Two brothers took the math placement exam last fall and received scores that suggested they were qualified to take prealgebra. However, the scores were at the low end of the prealgebra range and the boys decided to enroll in arithmetic instead. It seemed like a prudent decision. Unfortunately, they didn't take the arithmetic class seriously, their attendance was spotty, and they ended up with bad grades (one D, one F).
How do I know all this? Because they told me. And because I was their arithmetic teacher. On a number of occasions I suggested that they ought to come to class more regularly and earn a few more points. They thanked me effusively for my good advice and then ignored it. I don't think anyone was surprised at the outcome, although the boys seemed just a little bit disappointed, as if they had retained some hope that lightning would strike and they'd get passing grades. They weren't nonplussed (unless “nonplussed” means not sure what to do with an addition symbol).

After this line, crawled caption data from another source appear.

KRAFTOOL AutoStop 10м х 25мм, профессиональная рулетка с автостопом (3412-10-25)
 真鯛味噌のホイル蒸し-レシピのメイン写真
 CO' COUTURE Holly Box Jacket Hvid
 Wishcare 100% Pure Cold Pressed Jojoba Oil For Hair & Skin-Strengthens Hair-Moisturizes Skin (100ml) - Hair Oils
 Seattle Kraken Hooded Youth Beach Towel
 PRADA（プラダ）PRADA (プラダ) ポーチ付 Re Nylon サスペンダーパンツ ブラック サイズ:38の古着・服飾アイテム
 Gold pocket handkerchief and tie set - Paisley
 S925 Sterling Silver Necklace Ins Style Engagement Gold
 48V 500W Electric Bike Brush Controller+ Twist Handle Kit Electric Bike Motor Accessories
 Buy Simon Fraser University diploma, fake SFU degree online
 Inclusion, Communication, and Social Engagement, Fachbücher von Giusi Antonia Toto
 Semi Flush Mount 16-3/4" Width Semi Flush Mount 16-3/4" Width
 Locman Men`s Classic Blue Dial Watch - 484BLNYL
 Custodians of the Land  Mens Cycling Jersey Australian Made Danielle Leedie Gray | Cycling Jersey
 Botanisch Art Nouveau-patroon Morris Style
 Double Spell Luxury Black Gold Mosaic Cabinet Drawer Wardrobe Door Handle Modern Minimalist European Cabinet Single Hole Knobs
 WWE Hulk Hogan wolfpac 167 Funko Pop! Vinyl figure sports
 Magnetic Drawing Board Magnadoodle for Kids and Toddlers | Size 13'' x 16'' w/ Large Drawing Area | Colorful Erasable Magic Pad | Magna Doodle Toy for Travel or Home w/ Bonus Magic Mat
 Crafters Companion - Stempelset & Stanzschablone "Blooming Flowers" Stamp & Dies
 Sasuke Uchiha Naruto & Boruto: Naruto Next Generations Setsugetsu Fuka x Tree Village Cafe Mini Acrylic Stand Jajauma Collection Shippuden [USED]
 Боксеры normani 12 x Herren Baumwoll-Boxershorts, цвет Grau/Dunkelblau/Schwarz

It was a small surprise to see the brothers in my prealgebra class on the first day of the new semester. I sought them out and reminded them about course prerequisites. They were not taken aback. Instead, they proceeded to fill me in on their experience with the math placement test:
“We could have taken prealgebra last semester based on the results, but we thought we should probably take arithmetic first, even though we got a good score on the arithmetic part.”
“So why didn't you get a good score when you actually took an arithmetic class?”
“That's a good question, Dr. Z.”
But they didn't have a good answer.
“What do you plan to do, since you didn't get a C in arithmetic?”
“Uh, we're going to take your prealgebra class. We still have our placement scores from last semester and that qualifies us to take prealgebra.”
Perhaps they weren't nonplussed, but I was.
“And you think that will work?”
“Oh, yeah,” said one, while the other brother nodded his head.
Oh, boy. It's going to be a fun semester.